Zima zbliża się coraz większymi krokami, więc możemy spodziewać się coraz większej ilości wypadków w górach. W jednym przypadku już było blisko - ojciec wraz ze swoją 11-letnią córką utknął na zaśnieżonej już Orlej Perci.
Do zdarzenia doszło podczas wycieczki turystycznej. Mężczyzna stwierdził, że razem z córką nie będą w stanie samodzielnie zejść z położonej na 2179 m n.p.m. Zamarłej Turni. W związku z tym postanowił zadzwonić po pomoc do TOPR-u. Ratownicy wysłali w ich kierunku helikopter, który przetransportował rodzinę w bezpieczne miejsce. "Wspinacze" wybrali się na najtrudniejszy szlak w polskich Tatrach bez jakiegokolwiek sprzętu wspinaczkowego.

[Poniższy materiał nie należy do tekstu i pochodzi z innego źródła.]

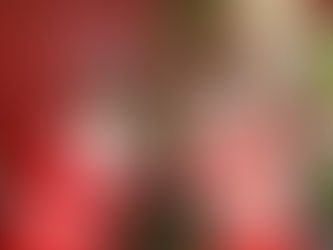 2018年 感謝の日々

Co prawda w ostatnich dniach pogoda dopisywała, jednak jak wskazują ratownicy, w Tatrach panują obecnie bardzo trudne warunki. Powyżej 1800 m n.p.m. leży zlodowaciały śnieg, a skały są w wielu miejscach pokryte na pierwszy rzut oka niewidocznym lodem. Stąd Tatrzańskie Ochotnicze Pogotowie Ratunkowe odradza turystom wycieczki w wyższe partie gór, w szczególności bez sprzętu i odpowiedniego przygotowania.